It's "hoarding" when you try to protect yourself against price increases.
Metra wants to prevent commuters from buying reams of 10-ride tickets at the existing lower fares
Metra officials on Friday [11/11/11] approved a 25 percent fare increase that would start in February.
The biggest jump in nearly four years is meant to offset an anticipated $53.6 million budget deficit in 2012. Metra officials believe the hikes are better than cutting services, and riders seem to agree according to an online survey.
Board member Arlene Mulder said riders overwhelmingly told her they didn't want to see service cuts and that fare hikes would be more palatable if the trains were equipped with wi-fi.
Under the plan, one-way tickets would go up an average of 15.7 percent, 10-ride tickets an average of 30 percent and monthly passes 29.4 percent.

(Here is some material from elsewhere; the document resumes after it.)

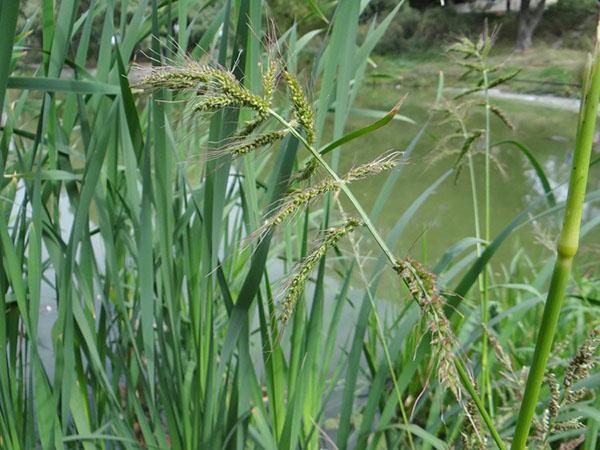 graanachtig onkruid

In anticipation of the board's approval, Metra proposed steps to prevent commuters from buying reams of 10-ride tickets at the existing lower fares.
Traditionally, 10-ride tickets were good for one year. But signage is proposed for Metra stations, warning riders that effective Saturday through January 31, 10-rides will expire next Feb. 29, 2012.
Metra says when fares were last raised in 2008, they saw a sudden, 67 percent increase in 10-ride sales. The agency estimates the ticket-hoarders cost them as much as $2.7 million in lost revenue.
Money that remains in the citizen/consumer's pocket is "lost revenue".